Pope Francis visited this week South Korea, inciting the Asian Youth to wake up, be vigilant and pray for peace, meeting with comfort women (women forced or deceived into working at front-line brothels for Japan's army during World War II, historians estimate that Japan mobilized around 200,000 comfort women across Asia, many of them from Korea, a Japanese colony at the time) and renewing dialogue on the divided Korean peninsula for more humanitarian aid for North Korea.

A recent study by the Institute for Economics and Peace showed that, in the world, and according to the Global Peace index, there are only 11 world "conflict-free" countries. This means that internal wars are always taking place, in almost every country in the world (11 out of 193 world countries is a very small percentage of success).

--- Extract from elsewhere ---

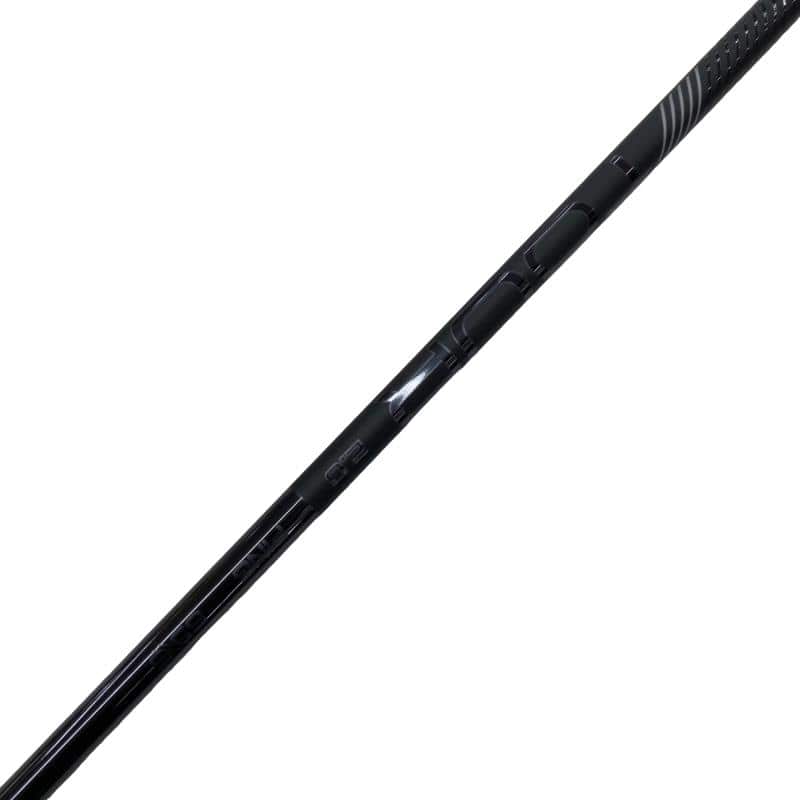 �f�S�S�O�@�k�r�s�@�@�X°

Pope Francis is sending a powerful message, that should be taken into consideration by the United Nations, which is celebrating an International Day of Peace on September 21st, as every year. It should invite the Pope to speak during the day, in a conflict zone, and reach out to the world's population. The benefits of war are null, the benefits of peace are collective well-being, collaboration, equality and progress, and desire to push for a greater caring, inspiration and helping out.

Another appointment with technology, digital media tools and their impact on social good initiatives around the world is the Social Good Summit on September 21-22 in New York City. Here grassroots activists, global leaders will discuss solutions for the greatest challenges of our time. The theme of the summit will be #2030NOW, asking the question "what type of world do I want to live in by the year 2030? @socialgood @mashable #SGS2014

The Pope, not as the head of the Catholic Church but more as a messenger of peace ( who also has multiple twitter accounts, mainly @Pontifex garnering over 4 million followers) should be part of the social good summit to explain how we can reach out and do good to make the world a better place. Not only by physically taking planes to strengthen relationships (which is always the best way) but also by empowering people and inspiring them to make a difference where they are. Motivating and raising awareness of the same human origin and the same wish for happiness and shared love.

So starting this September let's make a personal and collective good intention: either by writing down on a board, a post-it or a piece of paper, or by reminding ourselves every day of it, let's think about the impact we can make, as human beings as well as active members of society who can open a door to the unknown and give a smile (and a hand) to create a shared sense of peace and sustainable well-being.